The frenetic pace of modern society and the need to be very financially successful to “just get by ” seems to have eclipsed the importance of having good people in our lives who affirm and support us. Many of us have little or no contact with family members or neighbors. Our work situations may increase our loneliness. Some people say they have forgotten how to connect with others, or perhaps they never learned. I feel so strongly about this topic that I wrote a book about it, The Loneliness Workbook (Oakland, CA: New Harbinger Publications, 2000). This column will help you to think about loneliness in your life and give you some ideas on how to relieve it.
What Is Loneliness?
There are many descriptions of loneliness. They often contain words that describe feelings like despair, emptiness, hopeless and longing. Which one of the following descriptions of loneliness feels right to you?
- A feeling of having no common bond with the people around you
- Feeling disconnected from others
- Feeling sad because there is no one else available to be with you
- Feeling uncomfortable being by yourself
- Feeling that there is no one in your life who really cares about you
- Being without friends or a companion
- Feeling like you don’t have anyone who wants to be with you
- Feeling abandoned
- Being unable to connect with anyone on either a physical or emotional level
- Feeling left out
- Being alone and not comfortable being with yourself
You may want to write your own definition of what loneliness means to you.
What Would It Feel Like If You Were Not Lonely?
To begin changing any situation or circumstance in your life that is troubling to you, it helps to envision what your life would be like if you accomplished this change. For instance, a woman with a disability who felt lonely and disconnected from others said, “If I had several friends, we could call each other and chat. I could share with them how I ‘really feel,’ about the sadness of having a disability, about the excitement of developing a new career, and about my separation from my family. They could stop by and visit with me. Perhaps they could even take me out from time to time.”

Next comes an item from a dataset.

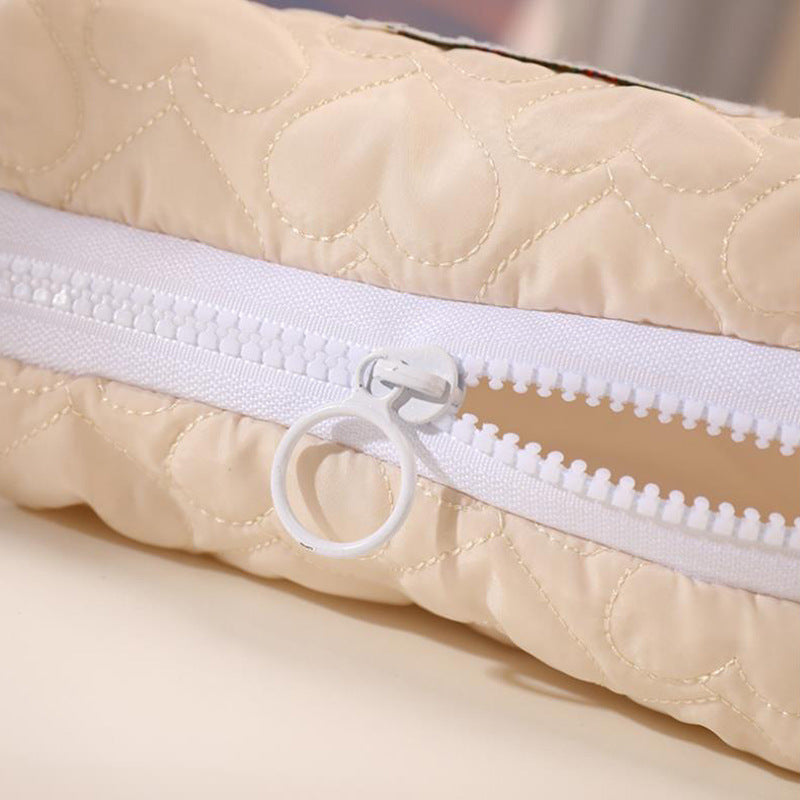 Wholesale of Cute Little Flower Love Pillows, Cotton Cloth Pen Bags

Not feeling lonely may mean that you have a sense of balance in your life between being with others and being alone, and that you feel loved and cared about. This connection is so strong that, even when you are by yourself, you feel bonded to someone, that others are there and will be there in spirit if not in person for you always. You have true friends and close family and the security of having someone there for you when you need them.